> _PROMPT_: Below are entries; write every one of them out again exactly.

─── GIVEN DATA ───

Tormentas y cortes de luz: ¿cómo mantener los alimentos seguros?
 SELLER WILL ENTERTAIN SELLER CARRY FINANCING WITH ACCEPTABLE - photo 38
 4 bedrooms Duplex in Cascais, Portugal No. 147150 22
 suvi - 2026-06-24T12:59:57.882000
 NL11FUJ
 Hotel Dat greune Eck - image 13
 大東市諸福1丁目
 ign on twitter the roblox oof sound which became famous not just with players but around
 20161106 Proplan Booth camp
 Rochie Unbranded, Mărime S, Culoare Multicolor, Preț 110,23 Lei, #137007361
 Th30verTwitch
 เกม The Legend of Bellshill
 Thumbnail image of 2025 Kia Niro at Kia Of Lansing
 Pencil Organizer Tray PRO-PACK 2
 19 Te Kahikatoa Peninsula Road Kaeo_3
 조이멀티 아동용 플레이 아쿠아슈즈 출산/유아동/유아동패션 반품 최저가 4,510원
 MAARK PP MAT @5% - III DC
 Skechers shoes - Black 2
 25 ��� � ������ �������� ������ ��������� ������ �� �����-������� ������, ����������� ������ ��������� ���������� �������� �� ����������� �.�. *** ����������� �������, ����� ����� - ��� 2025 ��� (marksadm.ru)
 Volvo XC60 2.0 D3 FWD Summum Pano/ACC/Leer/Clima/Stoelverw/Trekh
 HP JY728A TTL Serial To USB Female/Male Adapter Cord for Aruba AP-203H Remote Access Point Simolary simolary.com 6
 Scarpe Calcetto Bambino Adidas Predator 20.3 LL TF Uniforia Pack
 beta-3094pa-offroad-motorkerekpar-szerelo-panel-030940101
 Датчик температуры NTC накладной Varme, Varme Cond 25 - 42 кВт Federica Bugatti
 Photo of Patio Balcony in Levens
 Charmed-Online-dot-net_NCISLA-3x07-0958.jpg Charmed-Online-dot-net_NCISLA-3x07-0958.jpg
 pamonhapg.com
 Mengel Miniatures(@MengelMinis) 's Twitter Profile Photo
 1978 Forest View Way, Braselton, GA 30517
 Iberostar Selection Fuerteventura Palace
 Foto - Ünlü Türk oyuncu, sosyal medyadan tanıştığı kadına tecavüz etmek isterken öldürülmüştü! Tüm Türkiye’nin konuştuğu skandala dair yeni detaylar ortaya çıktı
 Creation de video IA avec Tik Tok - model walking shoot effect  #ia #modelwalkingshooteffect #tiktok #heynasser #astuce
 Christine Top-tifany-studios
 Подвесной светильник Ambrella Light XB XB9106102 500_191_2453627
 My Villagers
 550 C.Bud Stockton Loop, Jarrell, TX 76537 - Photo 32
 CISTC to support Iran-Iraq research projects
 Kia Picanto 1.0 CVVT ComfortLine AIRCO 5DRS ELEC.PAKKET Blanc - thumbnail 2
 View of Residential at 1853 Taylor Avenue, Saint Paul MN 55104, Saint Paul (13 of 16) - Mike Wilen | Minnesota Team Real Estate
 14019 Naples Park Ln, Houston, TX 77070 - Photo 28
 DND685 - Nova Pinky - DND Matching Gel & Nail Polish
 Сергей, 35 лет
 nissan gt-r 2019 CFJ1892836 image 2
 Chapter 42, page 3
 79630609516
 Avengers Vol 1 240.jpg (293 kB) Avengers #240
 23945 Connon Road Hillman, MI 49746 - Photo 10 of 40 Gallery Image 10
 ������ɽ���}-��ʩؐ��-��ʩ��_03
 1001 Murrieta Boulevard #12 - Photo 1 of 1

───

> _SOLUTION FOR THIS TASK_:
Tormentas y cortes de luz: ¿cómo mantener los alimentos seguros?
 SELLER WILL ENTERTAIN SELLER CARRY FINANCING WITH ACCEPTABLE - photo 38
 4 bedrooms Duplex in Cascais, Portugal No. 147150 22
 suvi - 2026-06-24T12:59:57.882000
 NL11FUJ
 Hotel Dat greune Eck - image 13
 大東市諸福1丁目
 ign on twitter the roblox oof sound which became famous not just with players but around
 20161106 Proplan Booth camp
 Rochie Unbranded, Mărime S, Culoare Multicolor, Preț 110,23 Lei, #137007361
 Th30verTwitch
 เกม The Legend of Bellshill
 Thumbnail image of 2025 Kia Niro at Kia Of Lansing
 Pencil Organizer Tray PRO-PACK 2
 19 Te Kahikatoa Peninsula Road Kaeo_3
 조이멀티 아동용 플레이 아쿠아슈즈 출산/유아동/유아동패션 반품 최저가 4,510원
 MAARK PP MAT @5% - III DC
 Skechers shoes - Black 2
 25 ��� � ������ �������� ������ ��������� ������ �� �����-������� ������, ����������� ������ ��������� ���������� �������� �� ����������� �.�. *** ����������� �������, ����� ����� - ��� 2025 ��� (marksadm.ru)
 Volvo XC60 2.0 D3 FWD Summum Pano/ACC/Leer/Clima/Stoelverw/Trekh
 HP JY728A TTL Serial To USB Female/Male Adapter Cord for Aruba AP-203H Remote Access Point Simolary simolary.com 6
 Scarpe Calcetto Bambino Adidas Predator 20.3 LL TF Uniforia Pack
 beta-3094pa-offroad-motorkerekpar-szerelo-panel-030940101
 Датчик температуры NTC накладной Varme, Varme Cond 25 - 42 кВт Federica Bugatti
 Photo of Patio Balcony in Levens
 Charmed-Online-dot-net_NCISLA-3x07-0958.jpg Charmed-Online-dot-net_NCISLA-3x07-0958.jpg
 pamonhapg.com
 Mengel Miniatures(@MengelMinis) 's Twitter Profile Photo
 1978 Forest View Way, Braselton, GA 30517
 Iberostar Selection Fuerteventura Palace
 Foto - Ünlü Türk oyuncu, sosyal medyadan tanıştığı kadına tecavüz etmek isterken öldürülmüştü! Tüm Türkiye’nin konuştuğu skandala dair yeni detaylar ortaya çıktı
 Creation de video IA avec Tik Tok - model walking shoot effect  #ia #modelwalkingshooteffect #tiktok #heynasser #astuce
 Christine Top-tifany-studios
 Подвесной светильник Ambrella Light XB XB9106102 500_191_2453627
 My Villagers
 550 C.Bud Stockton Loop, Jarrell, TX 76537 - Photo 32
 CISTC to support Iran-Iraq research projects
 Kia Picanto 1.0 CVVT ComfortLine AIRCO 5DRS ELEC.PAKKET Blanc - thumbnail 2
 View of Residential at 1853 Taylor Avenue, Saint Paul MN 55104, Saint Paul (13 of 16) - Mike Wilen | Minnesota Team Real Estate
 14019 Naples Park Ln, Houston, TX 77070 - Photo 28
 DND685 - Nova Pinky - DND Matching Gel & Nail Polish
 Сергей, 35 лет
 nissan gt-r 2019 CFJ1892836 image 2
 Chapter 42, page 3
 79630609516
 Avengers Vol 1 240.jpg (293 kB) Avengers #240
 23945 Connon Road Hillman, MI 49746 - Photo 10 of 40 Gallery Image 10
 ������ɽ���}-��ʩؐ��-��ʩ��_03
 1001 Murrieta Boulevard #12 - Photo 1 of 1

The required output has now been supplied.